> [What is required] Starting at the line that contains "Used 2023 Kia Carnival LX image 8", reproduce only the lines through the end of the data, exactly, including both the first and the last; skip the pictures.

> [Supplied records]
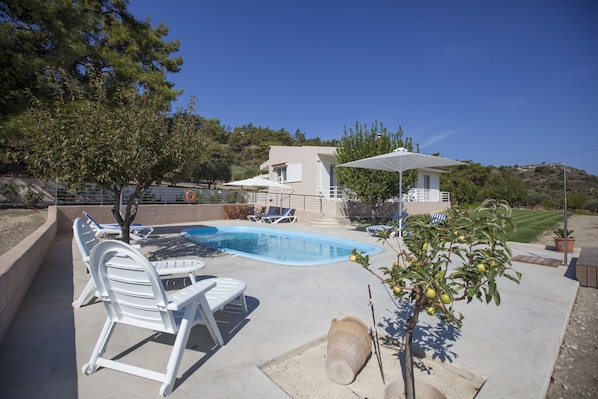 Pool area facing North West.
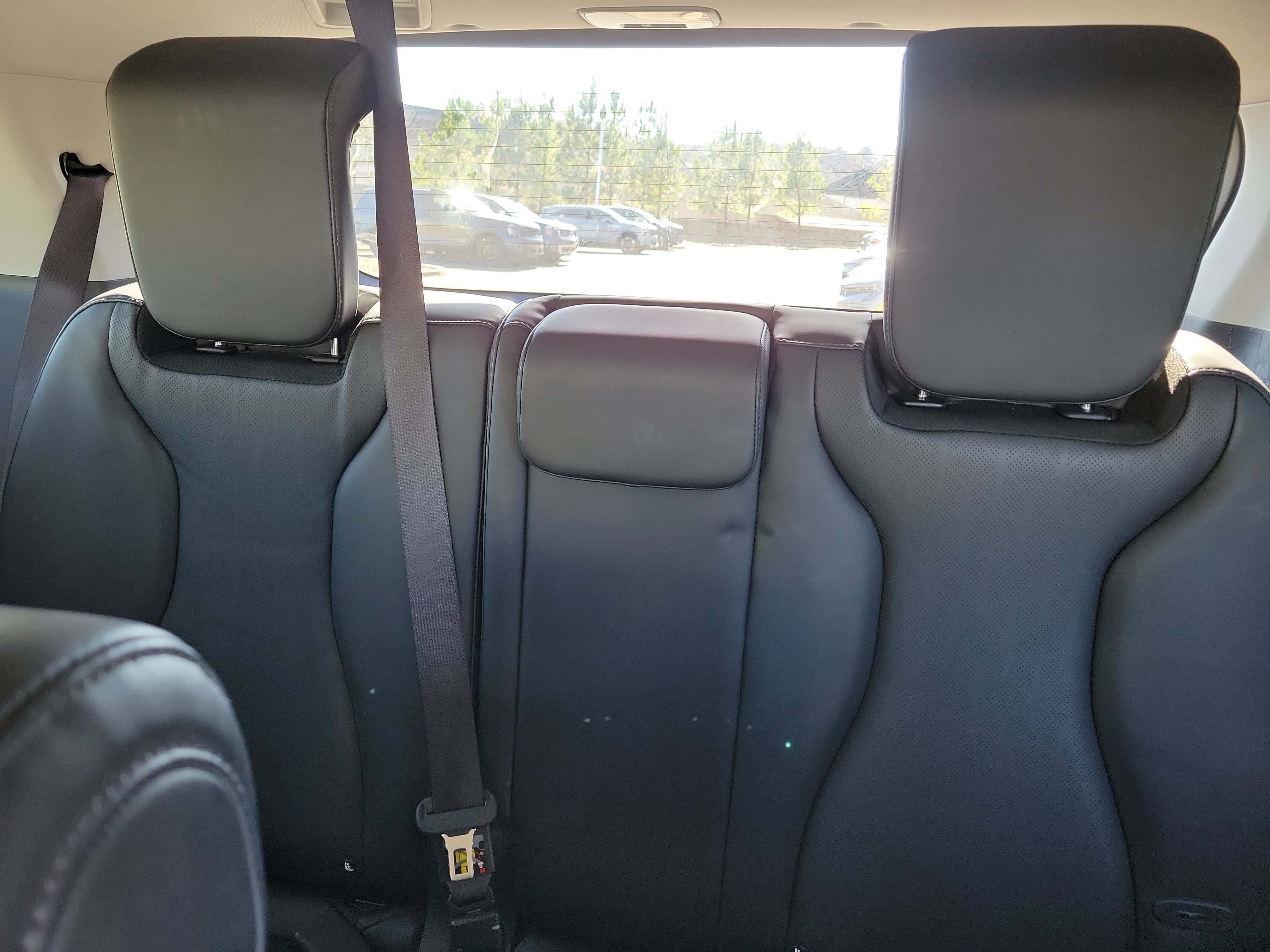 Used 2023 Kia Carnival LX image 8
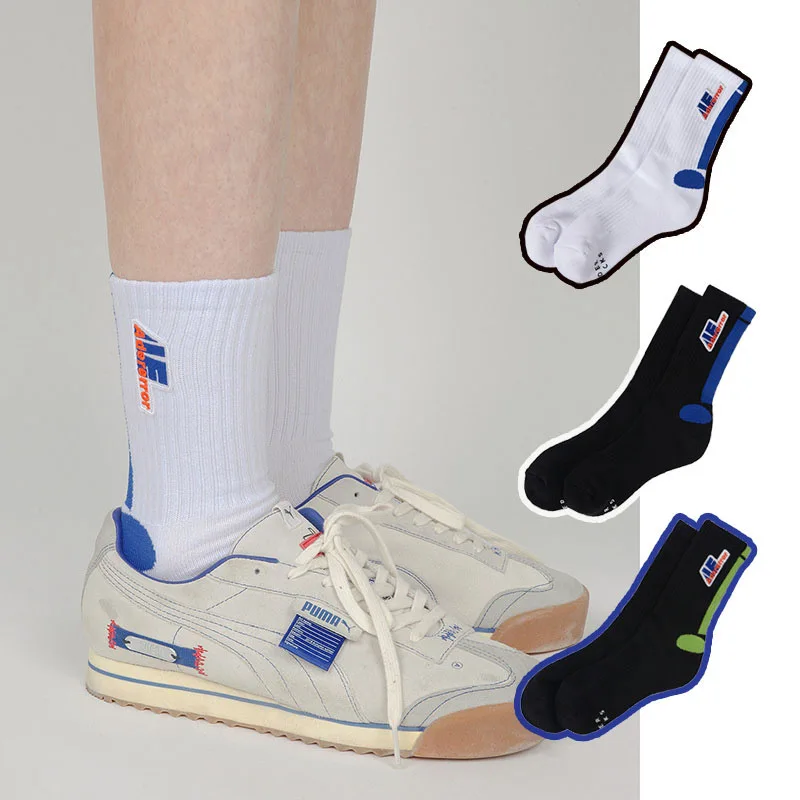 

Sewing label socks bar breathable sports socks in the streets of female fashion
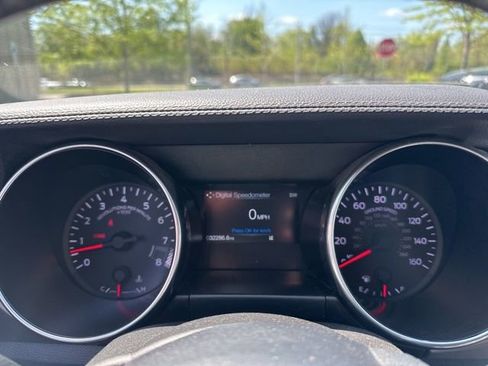 Used 2018 Ford Mustang GT Premium image 13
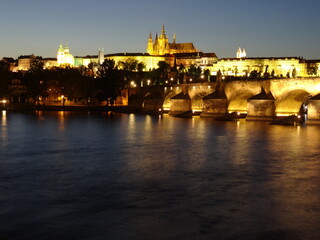 Fototapeta na wymiar Abends an der Karlsbrücke, in Prag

> [Output]
 Used 2023 Kia Carnival LX image 8

Sewing label socks bar breathable sports socks in the streets of female fashion
 Used 2018 Ford Mustang GT Premium image 13
 Fototapeta na wymiar Abends an der Karlsbrücke, in Prag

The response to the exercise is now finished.